11:43 AM - It's already tomorrow in Australia (try to not let that blow your mind).  Since it's May 22, 2011 there, the Aussie papers are crowing over Family Radio's self-humiliation.  The Herald-Sun gets its digs in (justly) at the Jehovah's Witnesses, and others:
1. Followers of William Miller believed the world would end on October 22, 1844.
2.The Jehovah's Witness religion has predicted the end of the world in 1914, 1915, 1918, 1920, 1925, 1941, 1975 and 1994.
3. Charles Wesley, founder of the Methodist Church, predicted the world would end in 1794.
4. Famous forecaster Nostradamus predicted doomsday would happen in July 1999.
5. English mystic Joanna Southcott predicted the world would end on October 19, 1814, when she gave birth to the Messiah.
Miller's the precursor to the Seventh Day Adventists.  I think it's fair to take these folks to task, but let's remember a distinction.  When someone like Wesley or even Miller calculates the end of the world, it's based on doing the math from a faulty interpretation of Scripture.  It's a mistake (and often an arrogant one), but one that Christians can easily make if they disregard Mt. 24:36. When someone like Joanna Southcott claims that the world will end with her in a central place, it's much worse.  She claims Scripture foretold her in Rev. 12 (instead of Mary and the Church), and claimed to receive prophesies. She was either crazy or in league with genuine evil. So it's only right to keep Camping in perspective.

11:50 AM - The Family Radio European station  is still up, and doing Christian music.  Which is going to get weird really quickly.  In most of Europe, it's already past 6... so either the station isn't run in central or eastern Europe, it's run by those "left behind," or Camping's a false prophet.  More than one of those may apply.

11:54 AM - The European show's host just signed off wishing us a "Blessed Lord's Day tomorrow."  What??

12:20 PM - Worth remembering: the Family Radio folks claimed that there would be earthquakes with the Rapture.  So there's no hiding behind the idea that maybe some folks somewhere got raptured, and we just didn't notice.  The gig is up.

12:22 PM - International Business Times has helpful pre- and post-apocalyptic clocks so you can ring in the rapture around the world.
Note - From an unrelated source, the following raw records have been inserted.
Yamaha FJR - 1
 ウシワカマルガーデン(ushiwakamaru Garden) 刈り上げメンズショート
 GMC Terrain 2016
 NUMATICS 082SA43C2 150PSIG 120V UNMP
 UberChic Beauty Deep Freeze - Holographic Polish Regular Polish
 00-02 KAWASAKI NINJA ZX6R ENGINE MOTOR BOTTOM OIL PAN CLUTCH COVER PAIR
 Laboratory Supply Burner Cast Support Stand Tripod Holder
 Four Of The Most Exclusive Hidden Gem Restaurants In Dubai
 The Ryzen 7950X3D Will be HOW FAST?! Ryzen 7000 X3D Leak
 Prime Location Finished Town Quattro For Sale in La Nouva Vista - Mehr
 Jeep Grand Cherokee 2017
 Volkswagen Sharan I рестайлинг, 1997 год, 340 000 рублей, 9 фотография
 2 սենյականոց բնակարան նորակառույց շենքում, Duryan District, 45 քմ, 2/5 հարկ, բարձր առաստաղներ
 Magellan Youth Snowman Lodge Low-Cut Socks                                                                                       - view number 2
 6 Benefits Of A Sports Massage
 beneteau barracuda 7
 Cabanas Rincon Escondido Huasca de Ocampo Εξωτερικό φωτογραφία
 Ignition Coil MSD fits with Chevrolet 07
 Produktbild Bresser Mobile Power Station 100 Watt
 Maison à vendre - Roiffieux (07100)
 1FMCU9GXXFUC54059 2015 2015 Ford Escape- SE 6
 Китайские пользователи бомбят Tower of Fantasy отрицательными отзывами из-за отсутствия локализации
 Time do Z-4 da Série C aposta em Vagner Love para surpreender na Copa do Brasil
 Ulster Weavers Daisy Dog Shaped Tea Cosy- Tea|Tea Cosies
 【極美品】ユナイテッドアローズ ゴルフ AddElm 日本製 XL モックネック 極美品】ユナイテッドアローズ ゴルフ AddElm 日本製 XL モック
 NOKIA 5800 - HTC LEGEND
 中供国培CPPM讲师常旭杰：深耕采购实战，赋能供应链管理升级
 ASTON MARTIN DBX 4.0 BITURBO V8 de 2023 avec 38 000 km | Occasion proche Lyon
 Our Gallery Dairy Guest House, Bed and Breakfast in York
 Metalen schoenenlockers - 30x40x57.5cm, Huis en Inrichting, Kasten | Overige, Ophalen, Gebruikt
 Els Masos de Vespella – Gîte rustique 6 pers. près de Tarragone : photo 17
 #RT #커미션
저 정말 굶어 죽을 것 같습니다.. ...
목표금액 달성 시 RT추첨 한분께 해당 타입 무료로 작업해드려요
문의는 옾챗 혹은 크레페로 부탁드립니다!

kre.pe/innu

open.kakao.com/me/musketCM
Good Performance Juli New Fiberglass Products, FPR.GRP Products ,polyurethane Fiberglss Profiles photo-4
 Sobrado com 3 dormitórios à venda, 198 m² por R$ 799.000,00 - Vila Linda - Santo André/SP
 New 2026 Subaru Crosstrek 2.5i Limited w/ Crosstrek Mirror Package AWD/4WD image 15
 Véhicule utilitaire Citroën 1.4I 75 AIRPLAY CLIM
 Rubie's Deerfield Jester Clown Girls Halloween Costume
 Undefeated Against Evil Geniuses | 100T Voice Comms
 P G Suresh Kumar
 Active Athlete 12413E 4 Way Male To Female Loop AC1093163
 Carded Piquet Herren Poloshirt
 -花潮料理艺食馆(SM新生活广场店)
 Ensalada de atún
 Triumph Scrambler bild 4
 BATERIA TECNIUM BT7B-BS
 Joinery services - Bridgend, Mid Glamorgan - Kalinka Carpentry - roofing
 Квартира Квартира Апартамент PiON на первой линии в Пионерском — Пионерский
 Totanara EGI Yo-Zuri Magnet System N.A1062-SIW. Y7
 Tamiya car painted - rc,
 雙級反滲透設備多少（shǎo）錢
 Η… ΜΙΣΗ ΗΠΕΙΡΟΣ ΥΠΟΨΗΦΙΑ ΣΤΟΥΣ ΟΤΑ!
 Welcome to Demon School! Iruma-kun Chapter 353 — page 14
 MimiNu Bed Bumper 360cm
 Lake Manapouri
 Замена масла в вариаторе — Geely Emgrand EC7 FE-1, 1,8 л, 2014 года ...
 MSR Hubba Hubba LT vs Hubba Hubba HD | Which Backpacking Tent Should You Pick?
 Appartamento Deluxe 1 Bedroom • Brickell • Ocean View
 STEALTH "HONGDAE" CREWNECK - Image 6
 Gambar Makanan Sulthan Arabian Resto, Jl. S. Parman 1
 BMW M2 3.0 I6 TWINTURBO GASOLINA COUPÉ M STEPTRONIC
1:57 PM - John Armstrong takes Harold Camping to task in a big way over at his blog.  This may be the first time John Armstrong has ever gotten angry. Ever.

5:58 PM - Showtime.

6:01 PM Still here. Uh oh.

6:04 PM The local Family Radio run station has switched to local programming. Now it's a woman from the American Lung Association handling softball questions. The last question: "What is smog?" This IS hell.

7:34 PM Just heard an advertisement for one of their tracts telling us how we can know when Judgment Day will be.  I'm confused by every part of that.  Was that pre-set to run after the Judgment Day had already occurred?  Or did someone decide that this would be a good time to convince people that the Judgment Day had, in fact, occurred?

12:07 AM I've had my share of fun updating this intermittently throughout the day, but I have a serious request. While Family Radio was always a fringe movement, and a joke even amongst Evangelicals, there were genuine, well-meaning Christians who put their hopes on Harold Camping's false predictions. These people are probably going through something horrible right now, as they realize that they weren't raptured.  We've had our fun at the bad theology, but let's lift them up in some serious prayers, that out of this disappointment, they emerge stronger and better Christians, rather than having their faith shaken.  Good night, everybody.